──────── Task data

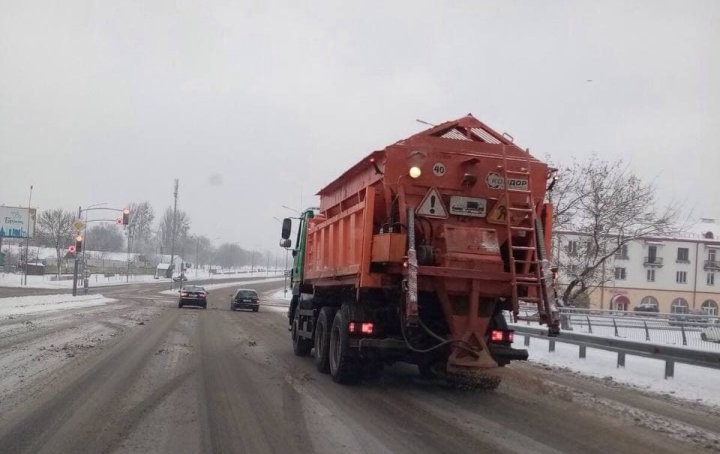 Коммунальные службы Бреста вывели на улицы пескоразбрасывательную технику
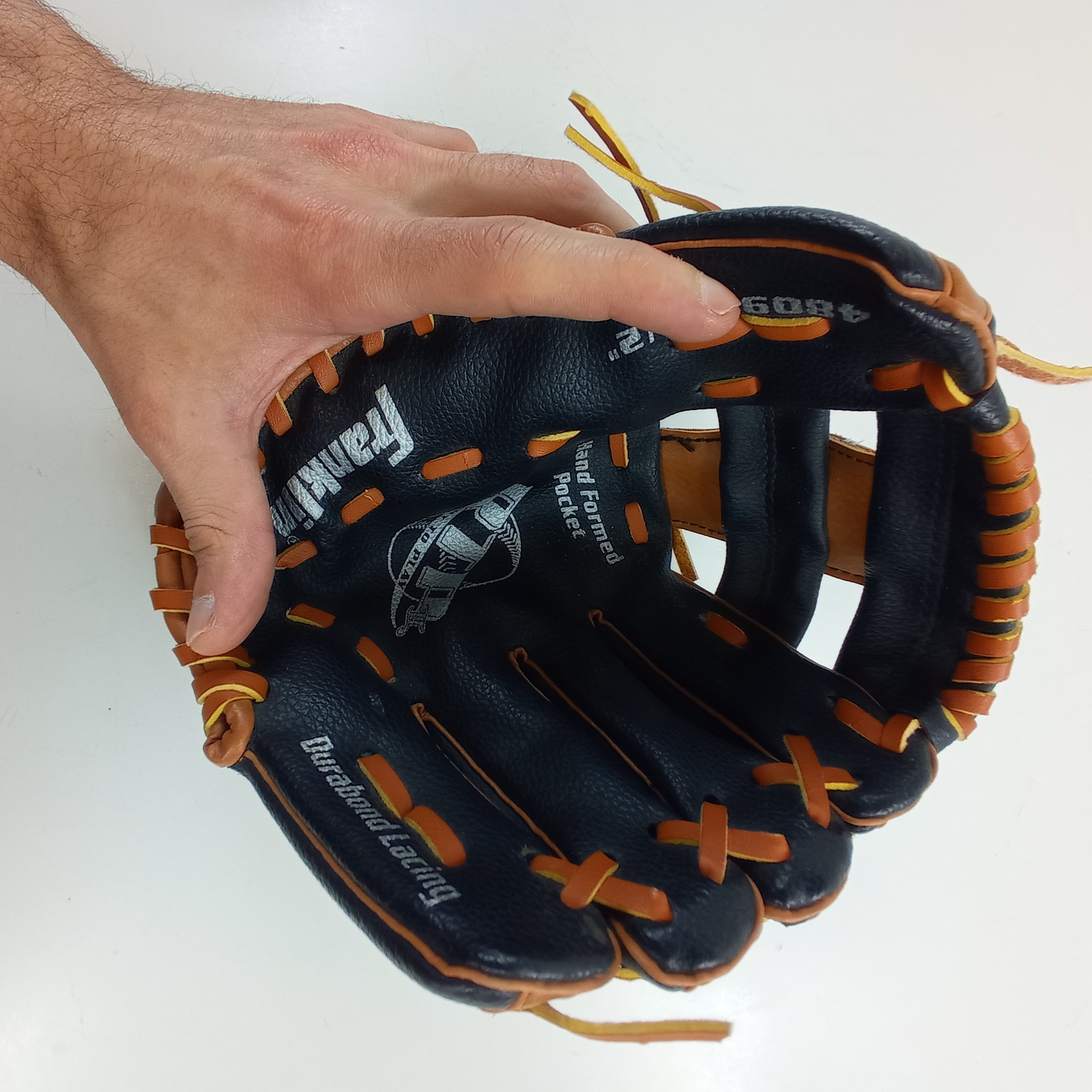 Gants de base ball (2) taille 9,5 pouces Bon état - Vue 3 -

────────────────
──────── Task data

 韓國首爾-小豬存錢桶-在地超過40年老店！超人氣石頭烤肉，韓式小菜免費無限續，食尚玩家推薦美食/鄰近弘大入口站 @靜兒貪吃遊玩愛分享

────────────────

— Exercise objective —
Word for word, retype the lines in the entries above that run from the one with "Коммунальные службы Бреста" through the one with "Gants de base". Both ends count; pictures do not.

— Exercise solution —
 Коммунальные службы Бреста вывели на улицы пескоразбрасывательную технику
 Gants de base ball (2) taille 9,5 pouces Bon état - Vue 3 -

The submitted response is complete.